Reading pages after pages where people, long gone now, have poured their thoughts and dreams, I realized I had so many things to say to them, to let them know how joyfully unbridled they make me feel in their labyrinth of words.
I have a box of unsent letters to people without a postal address.
Letters that could never be sent. Feelings that could never be expressed. Thoughts that could never be conveyed. Ruminations that could never be assuaged. A possibility that could never be. Empathy that stayed. Warmth that was exuded then, now extended.

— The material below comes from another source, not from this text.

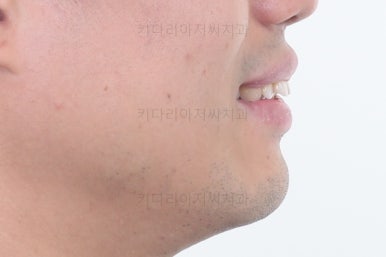 부산교정치과추천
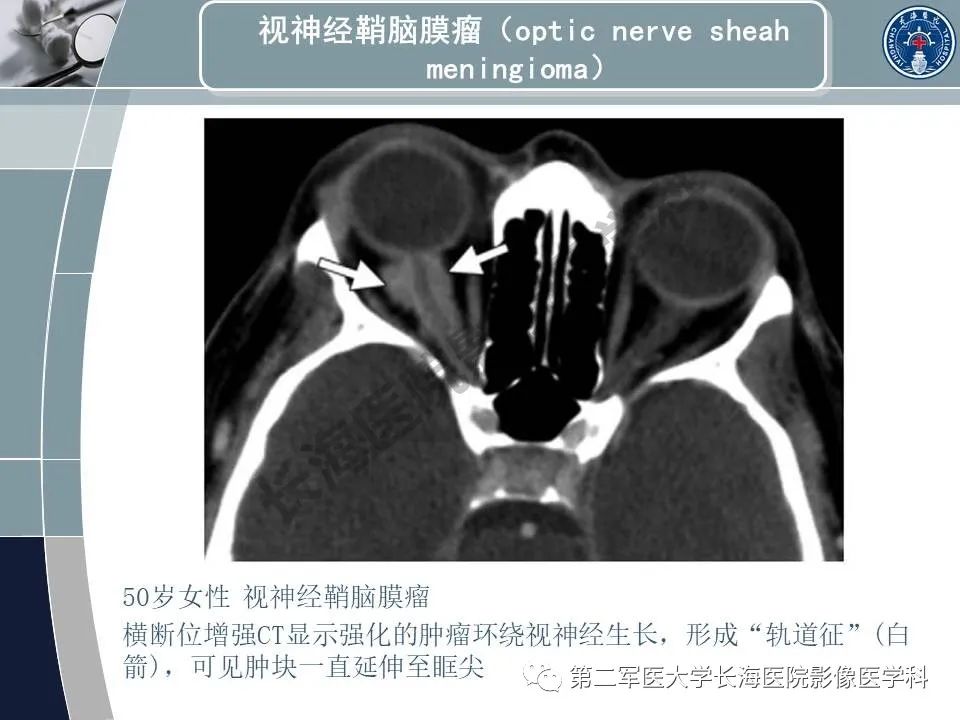 影像PPT - 【PPT】眼眶内肿瘤的影像诊断-34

If I could talk to you, Vincent Van Gogh, I’d tell you how you made me fall in love with love. You gave me a reason to persevere. If loving something to a point where you couldn’t tell day from night leads to you being called crazy, you’d actually paint the stars and moon, trees and fields from a window of a mental asylum. You showed me it’s okay to fail, to fall, again and again and then some more. I see you with a paint brush in your hand, that hibiscus red in your eyes filled with sleep, in that messy room-filled with passion, wonder-smitten perspective on things and canvases- filled, blank, unfinished. You are standing by the window, overlooking the lush green fields, perplexed. ‘How can I imprint this enormously gorgeous view with just a brush’ you think, but you already know the answer because that’s all you have been doing all your life- a heart filled with pure love, a sort of reverence for your work and you are good to go, good to live. Day melts into night and you metamorphose that blank canvas into a star-lit sky with stars that swirl with a turbulent flow heavy with the weight of your suffering and melancholy. You keep the brush down and look at the piece you’ve just finished, unaware of the cascading rouse of beauty it will follow. You lie on your bed, close your eyes for a little while and drown yourself in the dreams where you have a somber yet beautiful conversation with nature.

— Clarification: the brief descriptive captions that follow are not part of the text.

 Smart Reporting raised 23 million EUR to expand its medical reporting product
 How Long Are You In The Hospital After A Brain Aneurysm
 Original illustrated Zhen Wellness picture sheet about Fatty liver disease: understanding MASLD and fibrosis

If I could thank you, Mary Oliver, I would do it wholeheartedly. I would pay attention to every word I utter, every gesture I make to thank you because that is what you taught me. Whenever I open my eyes and heart to the beauty and pain of the world, you are there with a sparrow on your shoulder and glistening eyes considering the rich and graceful trees, birds, grass, insects and clouds beside, beneath and above you. You use words as if they are the beads of rosary, intentional and limited, never failing to get your mystical visions across. You left your courageous hopes and dreams behind, that whisper slowly in my ears that I’m not alone, that the world is my home, my family, that it’s okay to take my time, that every time is the time to be myself. You have stretched my soul and made me more welcoming towards this glorious and daring universe and its infinitesimal elusive mysteries. Until I keep inundating myself with the enchanting sights of the world, I will keep remembering you.

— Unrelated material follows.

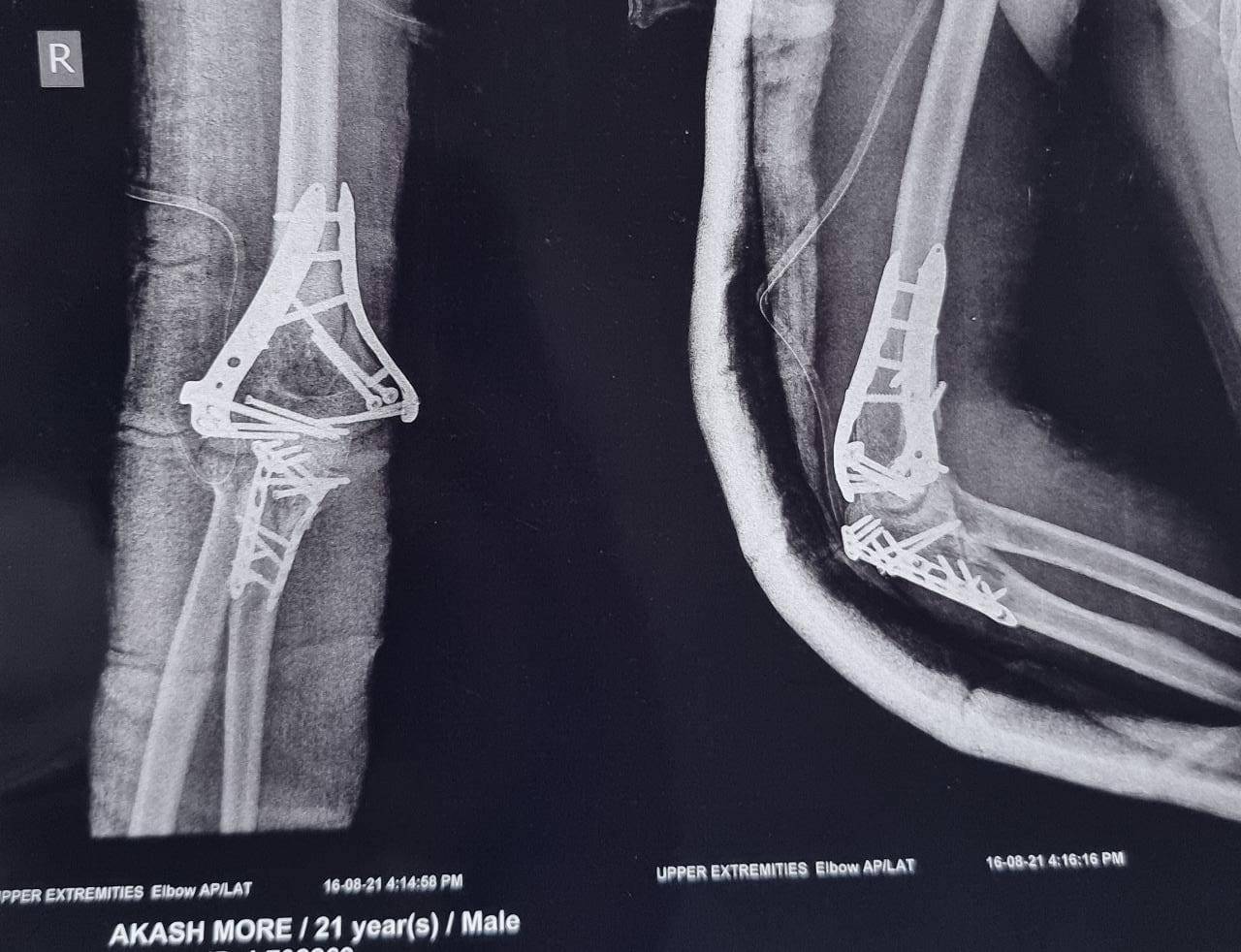 Fractures around elbow are one of the difficult... main image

Only if Seneca I could write to you, I’d affirm and say ‘yes, life is short only for those who wait for it to be long’. You have been my antidote to anxiety, you explained to me what 'kairos' means, you set me free, you took my short life and stretched it wide. You made me consider my absurd ‘busy’ life and transmogrify it with a trance like state, where the present moment is my shrine and to squander the one life I have got is nothing less than a crime. Amidst the cesspool of ‘hustle culture’ you beckon me towards the art of living, tranquility of the mind and quotidian yet timeless aspects of life.
And many more unanswered, unsent, unfinished and unrequited letters lie in my box, shriveling. But I had to let some out so that someone, anyone knows these people aren’t forgotten, just like my desire to prevent myself from plunging into oblivion, head-first.